Complete step-by-step solution:
A) Since in this case there are no restrictions, the number of $4$ person committees which are possible from a group of $9$ people will be equal to the number of combinations of $4$ objects from a total of $9$ objects. Thus, the number of committees in this case is given by
${{n}_{1}}={}^{9}{{C}_{4}}$
We know that ${}^{n}{{C}_{r}}=\dfrac{n!}{r!\left( n-r \right)!}$. So we get
${{n}_{1}}=\dfrac{9!}{4!\left( 9-4 \right)!}$
$\Rightarrow {{n}_{1}}=\dfrac{9!}{4!5!}$
We can write $9!=9\times 8\times 7\times 6\times 5!$ and $4!=4\times 3\times 2\times 1$ in the above equation to get
${{n}_{1}}=\dfrac{9\times 8\times 7\times 6\times 5!}{4\times 3\times 2\times 1\times 5!}$
$\Rightarrow {{n}_{1}}=126$
Hence, the number of committees possible is equal to $126$.
B) In this case, two persons John and Barbara must necessarily be in the committee.

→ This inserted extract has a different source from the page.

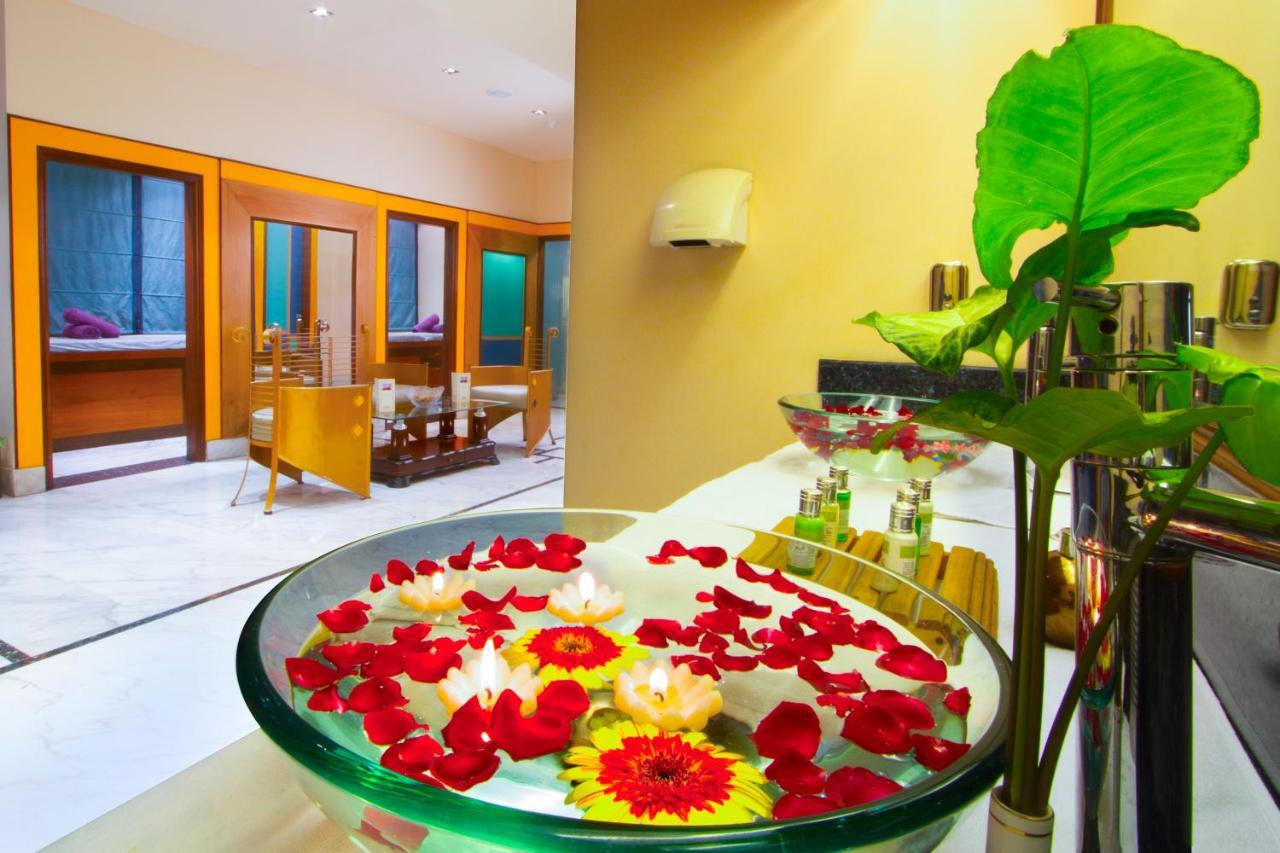 The Piccadily Hotel Lucknow Bagian luar foto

So the number of seats is reduced from $4$ to $2$. So now we have to select $2$ persons out of the remaining $7$ persons to get
${{n}_{2}}={}^{7}{{C}_{2}}$
$\Rightarrow {{n}_{2}}=\dfrac{7!}{2!5!}$
Writing $7!=7\times 6\times 5!$, we get
${{n}_{2}}=\dfrac{7\times 6\times 5!}{2!5!}$
$\Rightarrow {{n}_{2}}=21$
Hence, in this case the number of possible committees is equal to $21$.
C) In this case we have to choose one of John or Barbara. So there are two ways of choosing the first person of the committee. The remaining $3$ persons are also to be selected from the remaining $8$ persons. Therefore, the number of committees in this case is given by
${{n}_{3}}=2\times {}^{8}{{C}_{3}}$
$\Rightarrow {{n}_{3}}=2\times \dfrac{8!}{3!5!}$
Writing $8!=8\times 7\times 6\times 5!$ and $3!=3\times 2\times 1$ we get
${{n}_{3}}=2\times \dfrac{8\times 7\times 6\times 5!}{3\times 2\times 1\times 5!}$
$\Rightarrow {{n}_{3}}=112$

Hence, the number of committees in this case is equal to $112$.

Note:
We should not consider the cases of the B and the C part to be mutually exclusive so that we can subtract the number of possible committees in part B from that of part A to obtain that of part C. This is because they both do not include the case when neither John nor Barbara is in the committee. We should not use the concept of permutation here because the permutation is a method of selecting a number of elements from a set of elements such that the order of selection matters.